Piadina, focaccia cotta sulla lastra e preparata in vari modi: con lievito, latte e anche miele nell’impasto. Così, tecnicamente e freddamente, recita il dizionario, ma in Romagna, piadina é realtà non solo gastronomica, é fatto di storia e di costume, é elemento turistico ma anche culturale. Ed é, anche, un grande successo economico, con quasi settecento chioschi dipinti a strisce bianche e azzurre, sparsi nelle tre province romagnole di Ravenna, Forlì e Rimini. Un successo basato sulla semplicità del prodotto. Un pò come è accaduto per il “liscio”, la musica fondamentale dell’Emilia-Romagna. “Liscio” e piadina, un matrimonio perfetto. Dove la piadina, un disco piatto di 25 centimetri di diametro, fatto solanto di acqua, farina, sale e strutto, viene cotta sulla lastra di ferro. La piadina viene presentata nei ristoranti bollente, tagliata a spicchi, cosparsa di un trito di erbe e accompagnata da prosciutto crudo. Ma il consumo classico si allarga ad disco farcito di “squaquerone” (formaggio molle del tipo stracchino), o di erbe, o patate o cipolle e pomodoro. La piadina richiama ogni anno, a Cervia, nel Ravennate, le migliori otto “piadinare” romagnole per il titolo nazionale. A Santarcangelo di Romagna, provincia di Rimini, la piadina é la bandiera sotto la quale marcia anche Tonino Guerra nelle sue battaglie in favore della Valmarecchia. All’ osteria-ristorante “Sangiovesa”, ospitata nell’antico palazzo Nadiani, arredato anche con opere dello sceneggiatore di Fellini Tonino Guerra, la piadina viene cotta a vista. Oltre a questo prodotto tipico, si preparano i “cassoni” farciti con verdure e formaggi, le paste fatte a mano, come gli strozzapreti o strangolapreti, gli stringhetti e le tagliatelle. Sono invece gli spaghetti gli indiscussi protagonisti a Morciano di Romagna, dove il pastificio Ghigi vanta la più antica e continua presenza nella produzione di paste alimentari. E sono gli spaghetti a farla da padrone nella Sagra annuale che cade nell’ultimo weekend prima di Ferragosto.

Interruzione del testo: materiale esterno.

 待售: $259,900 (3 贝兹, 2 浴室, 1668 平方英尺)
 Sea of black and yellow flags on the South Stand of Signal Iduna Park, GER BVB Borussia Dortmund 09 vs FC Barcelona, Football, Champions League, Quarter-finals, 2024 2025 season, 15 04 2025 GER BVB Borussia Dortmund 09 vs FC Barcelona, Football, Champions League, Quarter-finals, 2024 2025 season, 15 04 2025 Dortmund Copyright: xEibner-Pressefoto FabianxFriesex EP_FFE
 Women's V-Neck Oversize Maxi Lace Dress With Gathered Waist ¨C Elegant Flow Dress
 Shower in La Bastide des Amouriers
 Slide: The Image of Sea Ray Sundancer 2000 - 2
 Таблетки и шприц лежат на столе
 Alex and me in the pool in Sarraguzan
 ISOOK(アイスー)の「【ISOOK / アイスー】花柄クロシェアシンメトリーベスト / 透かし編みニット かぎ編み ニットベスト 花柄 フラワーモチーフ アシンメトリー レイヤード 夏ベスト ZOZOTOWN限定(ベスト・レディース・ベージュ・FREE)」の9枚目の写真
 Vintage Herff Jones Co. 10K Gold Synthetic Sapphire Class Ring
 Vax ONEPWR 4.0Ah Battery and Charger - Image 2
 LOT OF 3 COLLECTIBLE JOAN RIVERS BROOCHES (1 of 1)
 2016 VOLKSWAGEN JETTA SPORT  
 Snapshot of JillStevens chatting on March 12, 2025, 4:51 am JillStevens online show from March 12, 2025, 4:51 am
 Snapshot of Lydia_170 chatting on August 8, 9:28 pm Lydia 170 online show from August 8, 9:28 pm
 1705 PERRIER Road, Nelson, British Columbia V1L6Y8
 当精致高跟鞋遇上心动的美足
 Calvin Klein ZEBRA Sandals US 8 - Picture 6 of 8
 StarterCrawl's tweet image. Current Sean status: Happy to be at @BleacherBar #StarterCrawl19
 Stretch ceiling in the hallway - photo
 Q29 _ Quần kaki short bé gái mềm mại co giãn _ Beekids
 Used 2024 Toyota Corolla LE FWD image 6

E cosa c’é di meglio che condire gli spaghetti con il delizioso olio extravergine prodotto in zona? Il succo d’oliva è particolarmente pregiato sulle colline della Val Conca e della Valmarecchia, con sagra a Coriano e a Montegridolfo. A pochi chilometri da questi borghi senza tempo, frigge la Riviera. E con lei friggono i pesci di ogni tipo. Trattorie e ristoranti precollinari propongono “omini nudi” (pescetti filiformi e gustosissimi) alla piastra “saraghine” alla brace, sardoncini marinati e sgombri, seppie e calamari, brodetti e frutti di mare.
La Romagna è una terra fantastica, non soltanto per la sua celebre ospitalità e per le sue strutture alberghiere, anch’esse perfettamente attrezzate. Uno dei punti forti di Riccione e di questa terra è indubbiamente l’ottima cucina. Ecco perché, in vacanza, non dovete rinunciare ad assaggiare le delizie della Romagna, in uno dei tanti ristoranti presenti.